··· SUPPLIED MATERIAL ···

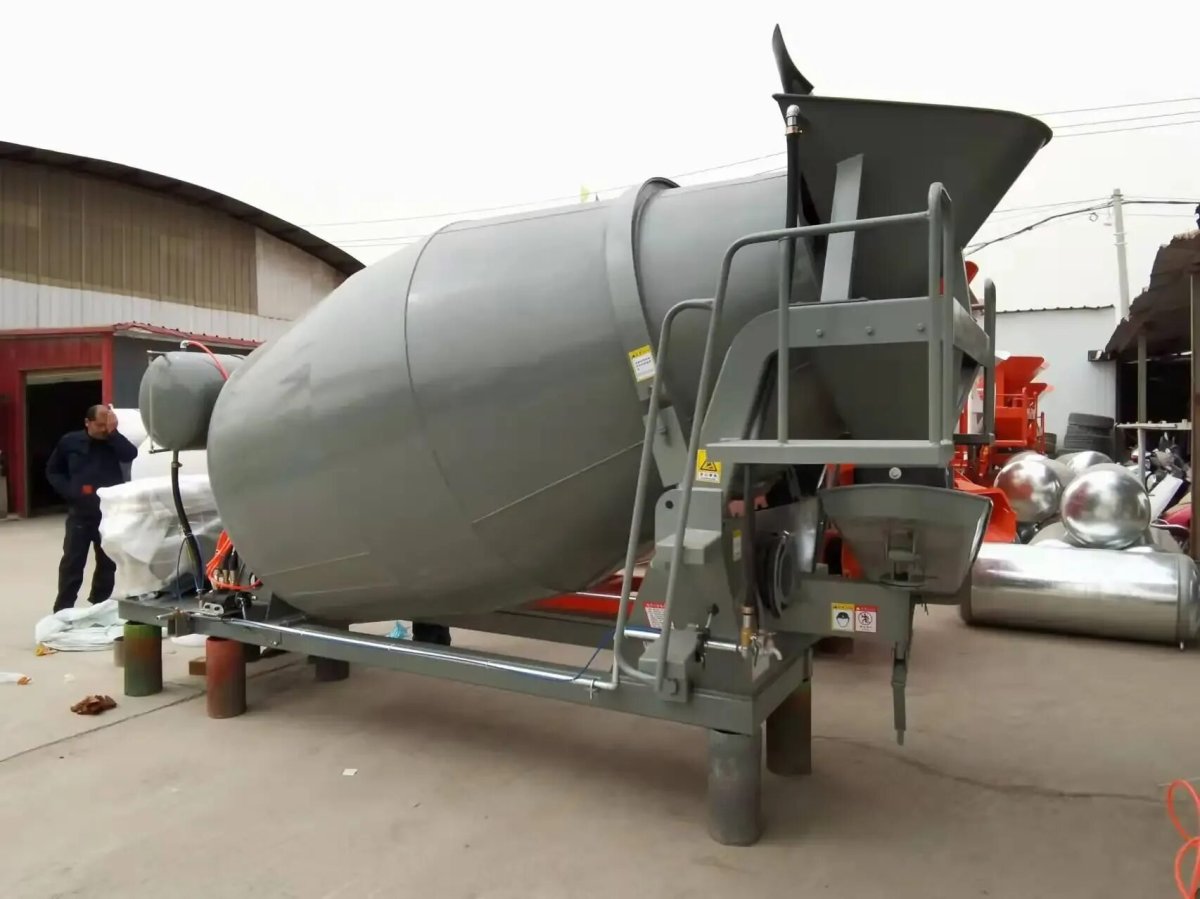 Бетономешалка Nissan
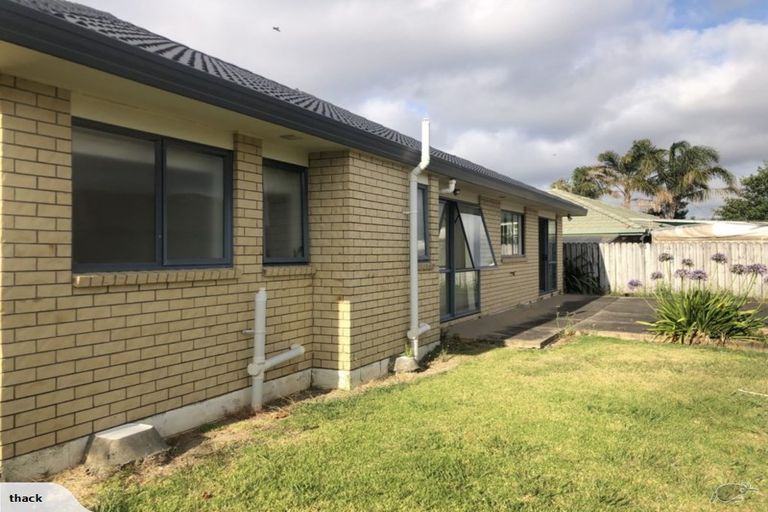 Photo of property in 3 Naul Place, East Tamaki Heights, Auckland, 2016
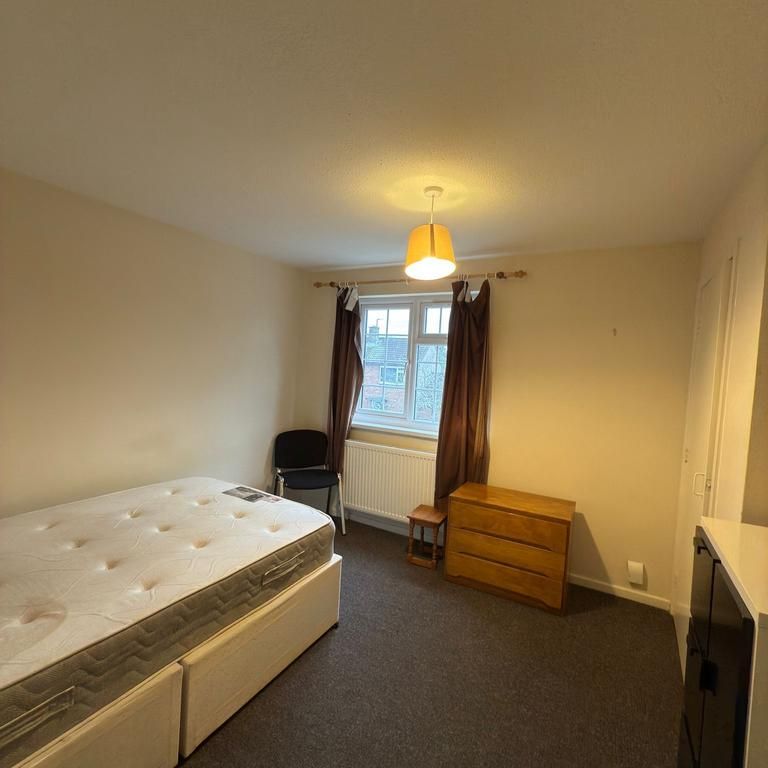 6 bedroom terraced house to rent - Photo 1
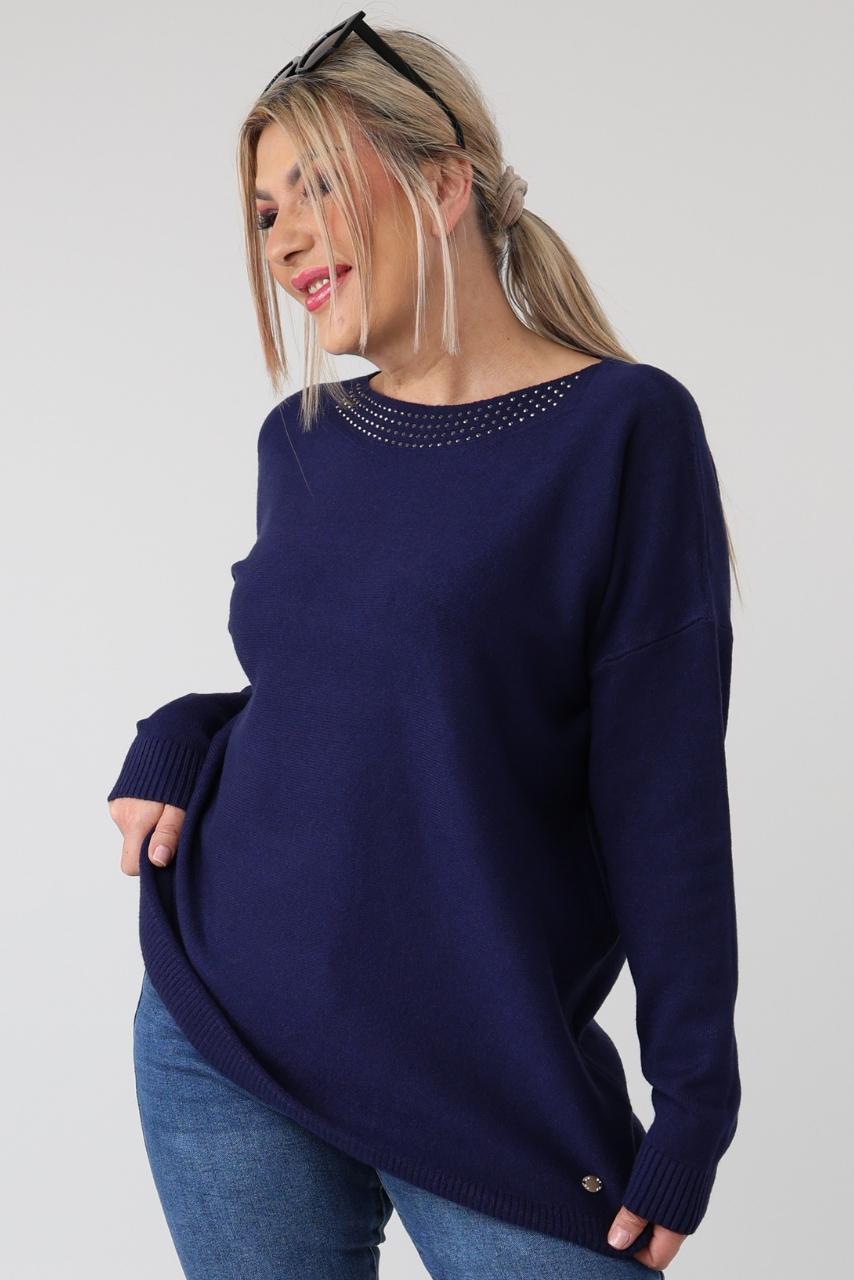 elegancki sweter damski plus size z dżetami na dekolcie – sweter XXL dla puszystych kobiet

···

* _EXERCISE REQUIREMENTS_: Write out the data above in full and exactly, but without the pictures.

* _RESULT OF THIS EXERCISE_:
 Бетономешалка Nissan
 Photo of property in 3 Naul Place, East Tamaki Heights, Auckland, 2016
 6 bedroom terraced house to rent - Photo 1
 elegancki sweter damski plus size z dżetami na dekolcie – sweter XXL dla puszystych kobiet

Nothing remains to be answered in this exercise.